## Activity:
In the records that follow, find the line with "vitaminwater Essential Orange-Orange, Flavored"; from there, retype every line exactly through the line with "Everything on property is included in sale! Everything", which also belongs to the answer.

## Data for this task:
=== Section Start ===

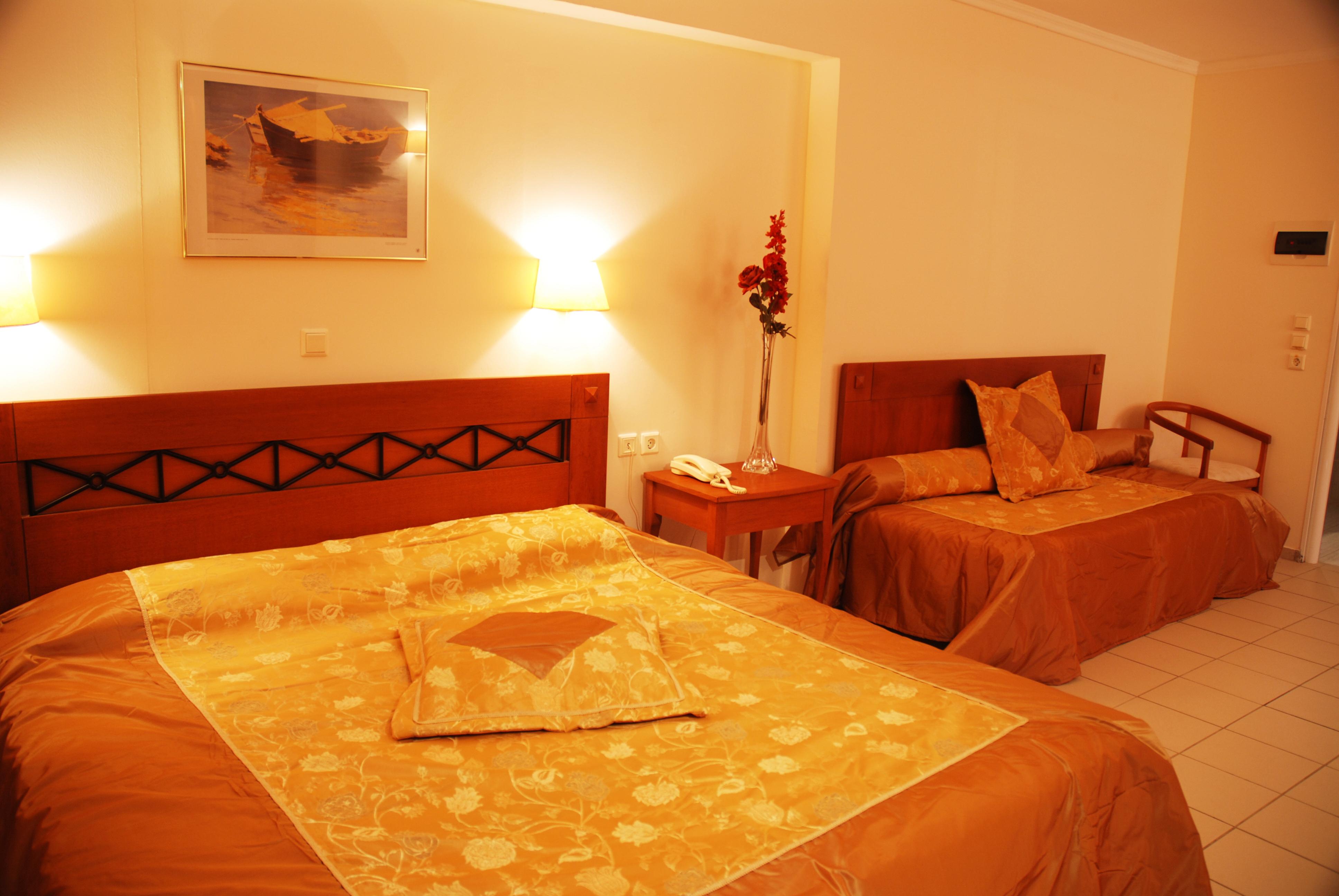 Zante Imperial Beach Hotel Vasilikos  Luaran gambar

=== Section End ===
=== Section Start ===

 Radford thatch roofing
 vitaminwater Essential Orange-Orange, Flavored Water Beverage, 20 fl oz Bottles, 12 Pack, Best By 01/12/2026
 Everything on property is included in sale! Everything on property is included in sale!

=== Section End ===
=== Section Start ===

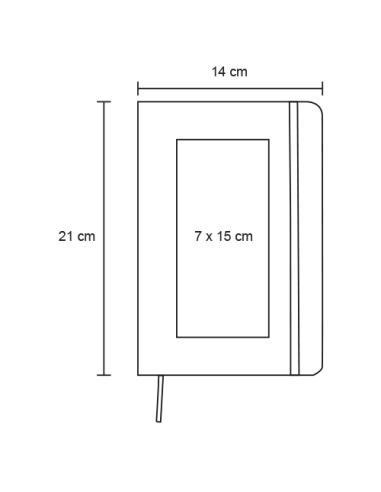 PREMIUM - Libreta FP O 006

=== Section End ===

## Solution to this task:
 vitaminwater Essential Orange-Orange, Flavored Water Beverage, 20 fl oz Bottles, 12 Pack, Best By 01/12/2026
 Everything on property is included in sale! Everything on property is included in sale!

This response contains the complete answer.